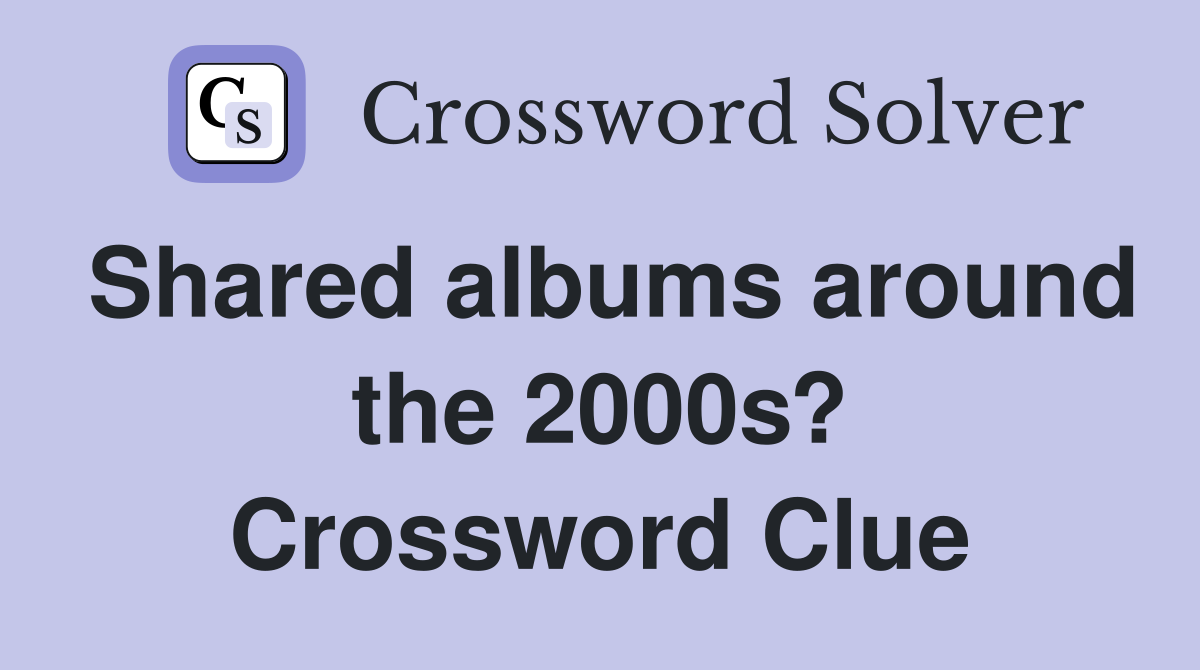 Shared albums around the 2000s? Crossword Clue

...

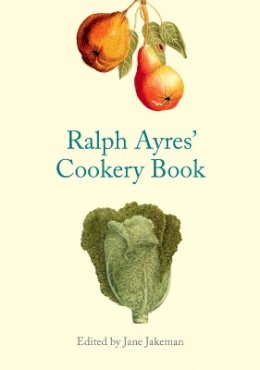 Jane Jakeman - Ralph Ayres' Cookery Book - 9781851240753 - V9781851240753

* * *

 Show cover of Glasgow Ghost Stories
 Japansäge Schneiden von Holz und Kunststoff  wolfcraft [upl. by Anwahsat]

§ Assignment: Out of the data above, transcribe exactly and only the lines starting with the line that has "Show cover of Glasgow Ghost Stories" and going on through the line that has "Japansäge Schneiden von", both included.

§ Answer box:
 Show cover of Glasgow Ghost Stories
 Japansäge Schneiden von Holz und Kunststoff  wolfcraft [upl. by Anwahsat]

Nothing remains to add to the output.